I overheard the following inter-cubicle exchange in a mixed changing room recently. ‘So where do you live?’ ‘We live on Dartmoor.’ ‘Dartmoor! How lovely!’ ‘Well, yes, it is amazing. But we’ve had quite enough of it now and we’re moving back down to the coast. In the two years we’ve lived up there, we’ve had enough rain and fog to last us a lifetime.’
I smiled as I stuck my right leg through the wrong hole of my swimming shorts. Very wet, Dartmoor is. In fact sodden might be a better word. It rains for days on end. The 365sq mile plateau is the first port of call for rain blowing in off the Atlantic. Seventy inches of rainfall spread over 200 days of the year is not unusual.
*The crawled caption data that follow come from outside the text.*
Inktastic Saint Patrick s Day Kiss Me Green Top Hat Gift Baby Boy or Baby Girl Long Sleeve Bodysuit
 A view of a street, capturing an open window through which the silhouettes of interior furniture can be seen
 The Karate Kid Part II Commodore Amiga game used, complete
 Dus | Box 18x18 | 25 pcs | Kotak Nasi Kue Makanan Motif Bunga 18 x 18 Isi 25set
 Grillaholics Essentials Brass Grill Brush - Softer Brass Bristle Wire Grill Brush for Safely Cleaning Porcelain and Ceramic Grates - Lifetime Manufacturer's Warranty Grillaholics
And she’s right about the fog, too. It gets on your tripe. The day can start clear and dry and by lunchtime all is obscured by a cold, damp whiteness. Here’s William Crossing (1847–1928) whose encyclopaedic Guide to Dartmoor (1909) is the Dartmoor monomaniac’s Bible: ‘I have known my surroundings to be entirely obscured, and objects 20 or 30 yards distant rendered invisible, where ten minutes before there was not a sign of what was coming, and the mist has continued for several days.’ His tip for drying out wet boots overnight is to pack them with oats, which as well as soaking up the moisture, swell, preserving the shape of the boot. It says it all about the Dartmoor climate that towards the end of his life, Crossing, a loveable man and a virtuoso on the tin whistle, was so stricken by rheumatism that he couldn’t put pen to paper.
Fog and torrential rain often come together. Even the hardy Dartmoor ponies — descended, it is thought, from domesticated animals turned loose during the dark ages — even these shaggy creatures stand there in the rain looking shocked, as if they can’t quite believe the miserable existence which has been allotted them.